Salvation is not found in virtue, but in participation. Eternal life is not found in the persistence of one skin-enclosed entity but rather in the long-time influence and sharing through eternity. Once defined, our impact may be small but it is forever. No “faith” is necessary, just communication, action, connection. One of the strong influences on the Strachan generations has been a baby named Archibald who lived only seventeen days. He was the first child of my paternal grandmother, immediately preceding my father.
The loss of that baby, which my grandmother believed came about because she was so desperate for the company of others that she went to town in the jolting wagon, even knowing she was close to term in her pregnancy, has meant a legacy of sadness. The birth came on the isolated homestead. Archibald was kept alive for a little more than a fortnight in the warming oven of the woodstove. My generation didn’t know of the baby’s existence until I read through the boxes of journals my grandmother kept. Neither did we know that her sister had died in childbirth and we still don’t know what happened to that baby. Live babies and conceived but naturally aborted babies are lost every day, often undetected, often due to bad code.
Now we understand that all is code. The first response, like that of the US government, is to hoard code, to try to get hold of all information in the effort to save everything, like a mechanic making sure to save all the pieces.
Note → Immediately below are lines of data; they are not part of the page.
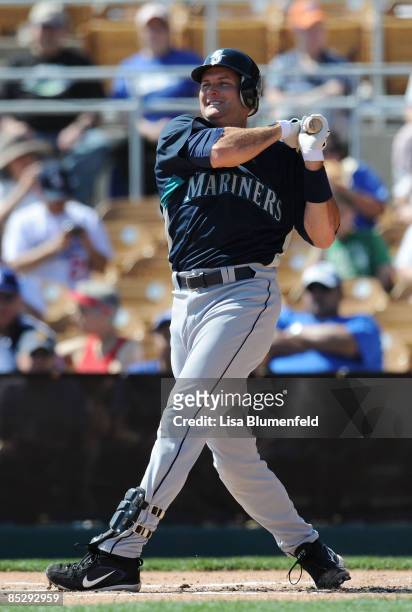 Mike Sweeney of the Seattle Mariners at bat during a Spring Training game against the Los Angeles Dodgers at Camelback Ranch on March 7, 2009 in...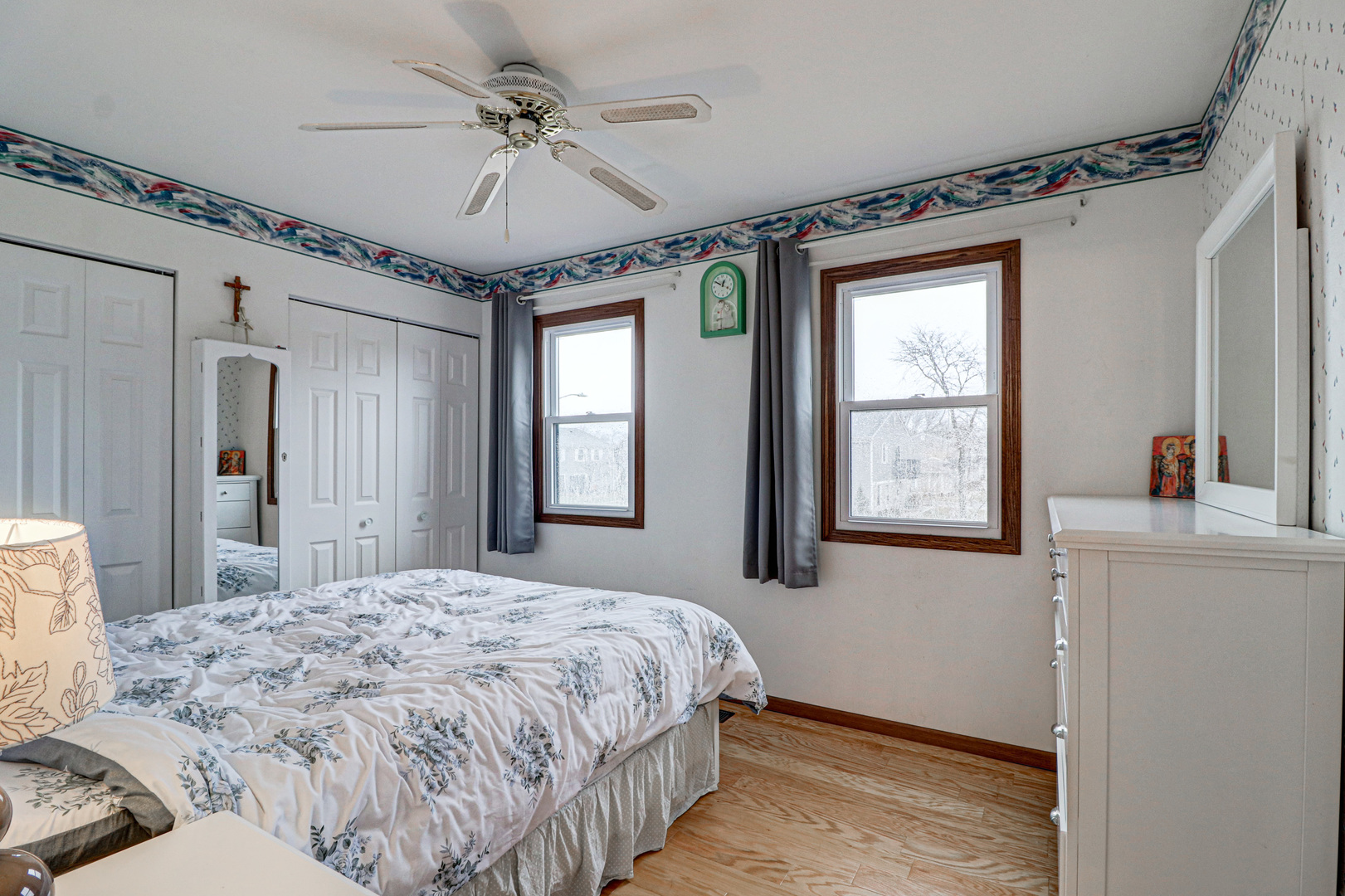 1126 Manchester Road Schaumburg, IL 60193 - Photo 23 of 28 a bedroom with a bed and a chandelier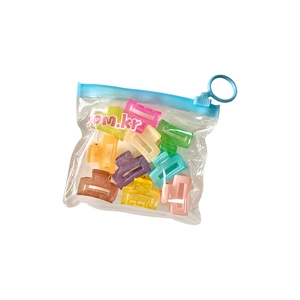 Set of colorful jelly mini hair claws in a clear hanging pouch for little girls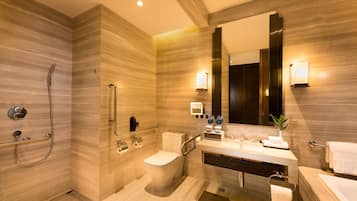A modern bathroom with a shower, toilet, sink, and large mirror.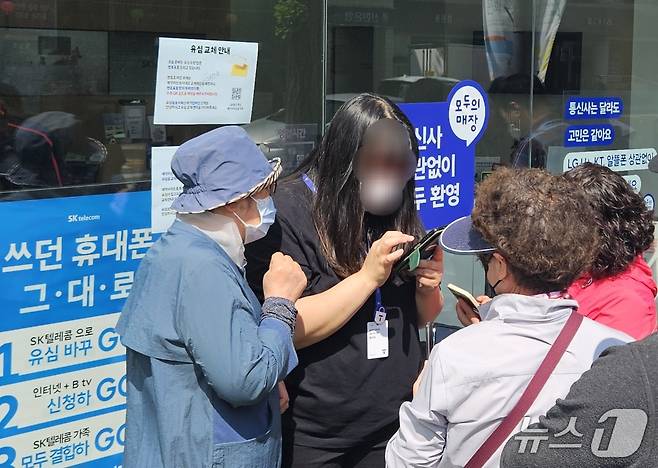 전북자치도 전주시의 한 SK텔레콤 대리점 직원이 유심 무상 교체 온라인 예약 방법을 안내하고 있다. 뉴스1/ 신준수 기자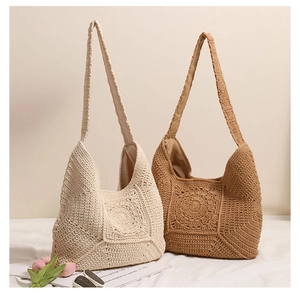 Detailed close-up of handmade crochet shoulder bags in beige and brown with floral pattern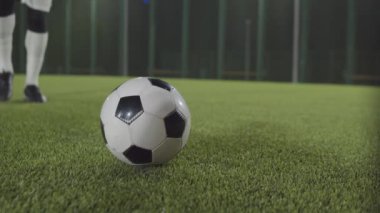 Krampon takan, futbol topunu yeşil çimlerde tekmeleyen bir sporcu.
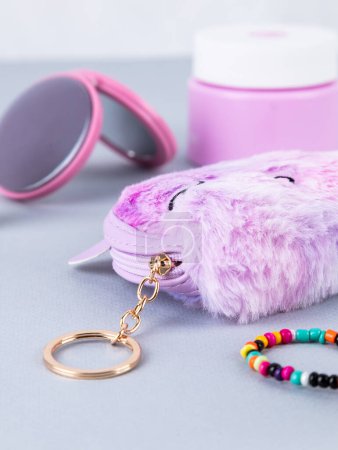 Foto de Un regalo para una niña, un niño, un perfume, una billetera infantil en forma de unicornio en rosa, pegatinas cercanas, un llavero, un espejo, cuentas y otras cosas de los niños - Imagen libre de derechos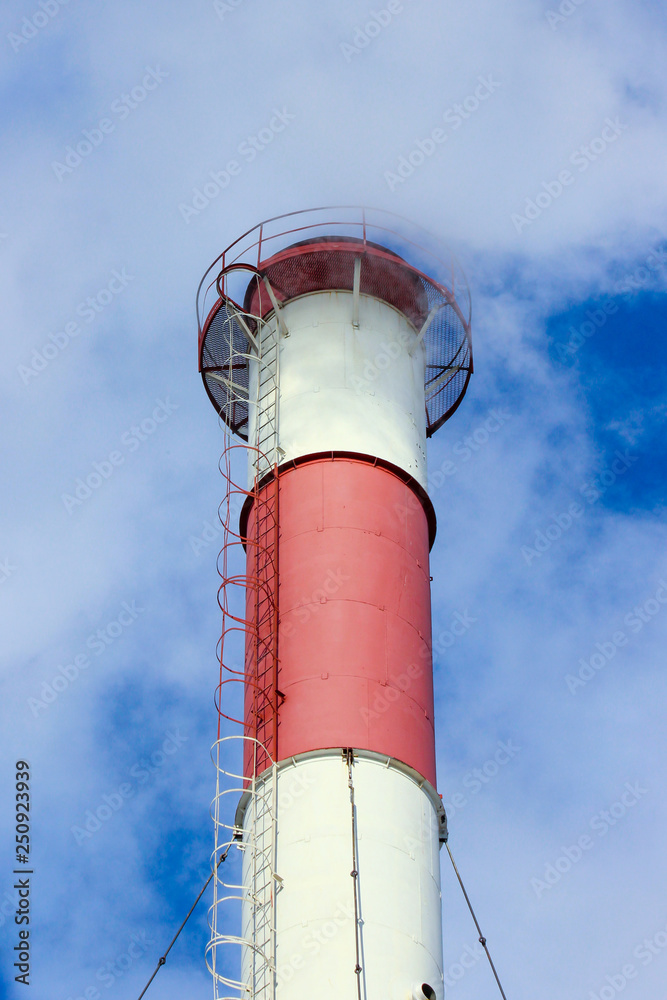 Thick white smoke from a high industrial plant chimney against the blue sky. Photo in perspective Thick white smoke from a high industrial plant chimney against the blue sky. Photo in perspective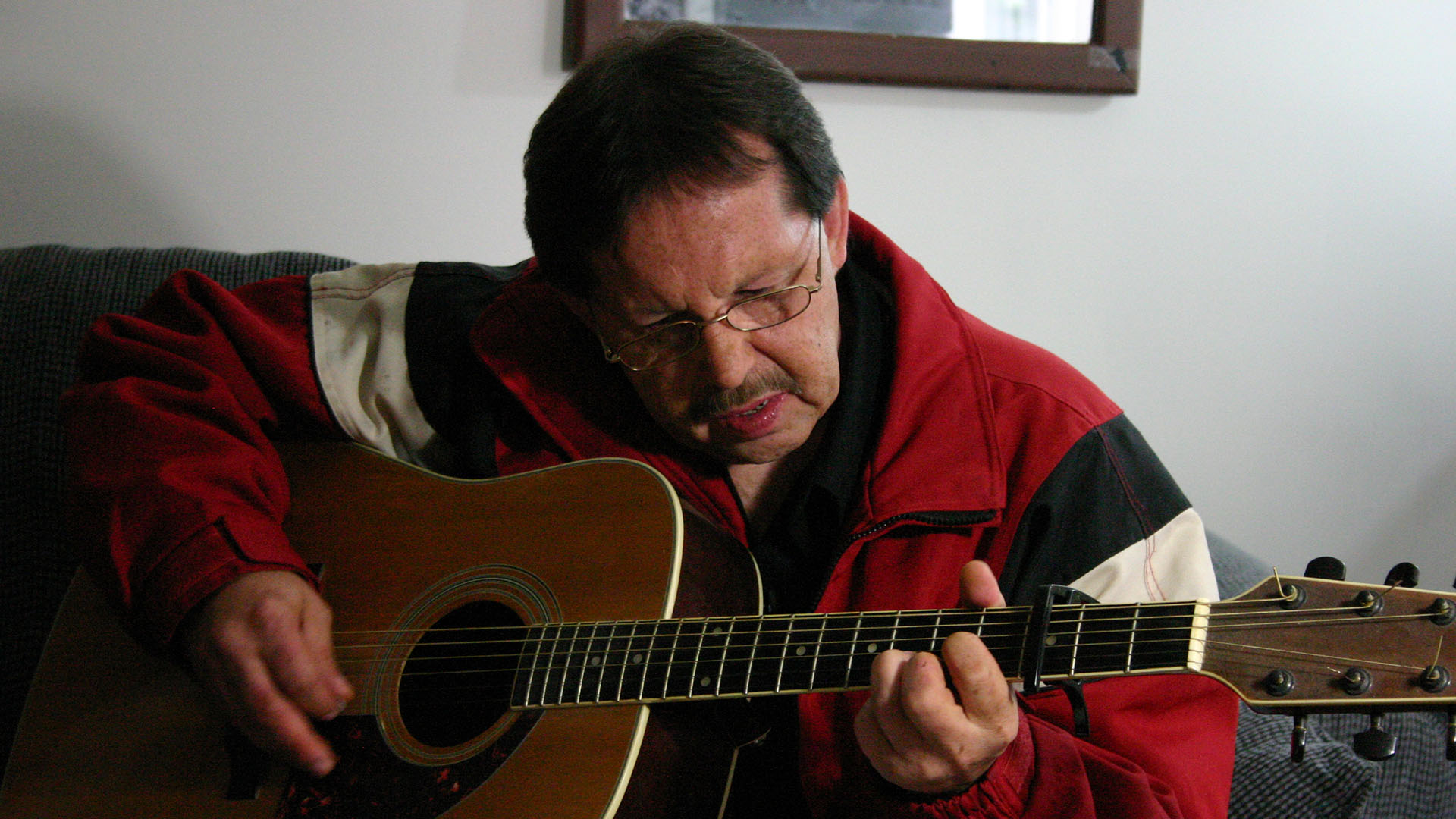 A man plays an acoustic guitar, seated in a living room, one of the film's eight subjects.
But this is not the way. It leads us to the problem of the centipede who was asked how he knew to walk with so many legs to manage. He ended in the ditch with his legs in the air, a symbol that emerges again and again. The way forward, as Smith recommends, is a function of desire and focus. The goal may not be reached, but the minutia will be pulled into some kind of purpose.
Oh, yearning! Oh, vulnerability! I listen, I watch. My kitchen has a big east-facing picture window where I often stand and look up the long alley that reaches to a close horizon, a bulge in the terrain. From behind it rises the full moon, coloring the snow blue but draining the color from the feral calico cats I can’t resist feeding just under the window, their tails forming a mandala around the dishes of cat food. It’s a good depiction of the mental and emotional life of a single old woman in a balky small town, using a fancy education in a way it was never intended. (One is supposed to become a success in one’s field, usually through affiliation with an institution, but when it comes to them I’m strictly a feral cat.)
Words don’t serve as well as music. Consult Paul Winter. The Winter Consort at the Cathedral of St. John the Divine. http://solsticeconcert.com
. . . and the warmth of this season to you, Prairie Mary. Thank you for memories and meaning. Your writing offers a comfort much appreciated.